- [What you will do]:
All the lines below need retyping exactly, apart from the images.

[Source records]

==*==

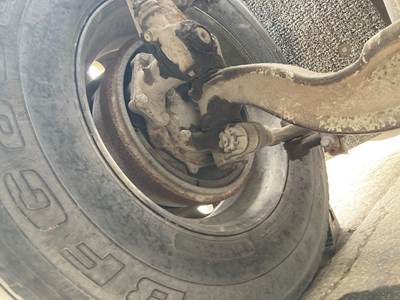 Meritor FF961 Front Axle Assembly for a Freightliner FLD120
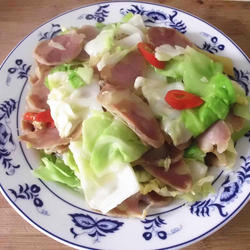 包菜炒香肠的做法[图]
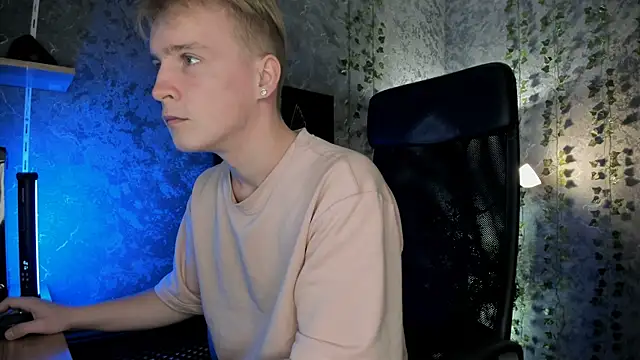 Snapshot of AlexxSweet chatting on September 28, 2025, 6:53 am AlexxSweet online show from September 28, 2025, 6:53 am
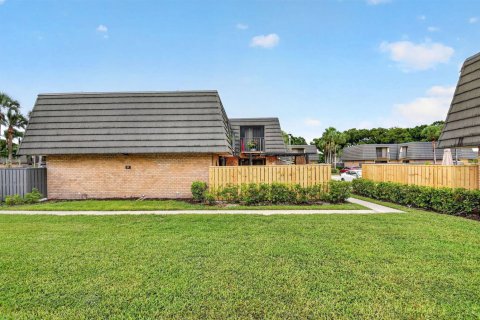 Touwnhouse à vendre à West Palm Beach, Floride: 2 chambres, 114.83 m2 № 2177039 - photo 3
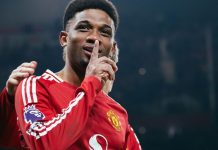 Amad Diallo cho thấy bên trong phòng thay đồ Manchester United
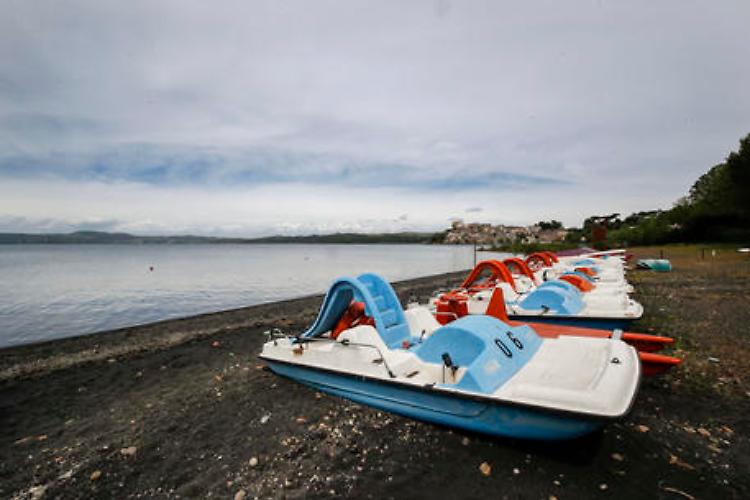 Decreto Rilancio, ipotesi bonus baby sitter da 1.200 euro. Tax credit vacanze fino a 500 euro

==*==

- [Reply to the task]:
 Meritor FF961 Front Axle Assembly for a Freightliner FLD120
 包菜炒香肠的做法[图]
 Snapshot of AlexxSweet chatting on September 28, 2025, 6:53 am AlexxSweet online show from September 28, 2025, 6:53 am
 Touwnhouse à vendre à West Palm Beach, Floride: 2 chambres, 114.83 m2 № 2177039 - photo 3
 Amad Diallo cho thấy bên trong phòng thay đồ Manchester United
 Decreto Rilancio, ipotesi bonus baby sitter da 1.200 euro. Tax credit vacanze fino a 500 euro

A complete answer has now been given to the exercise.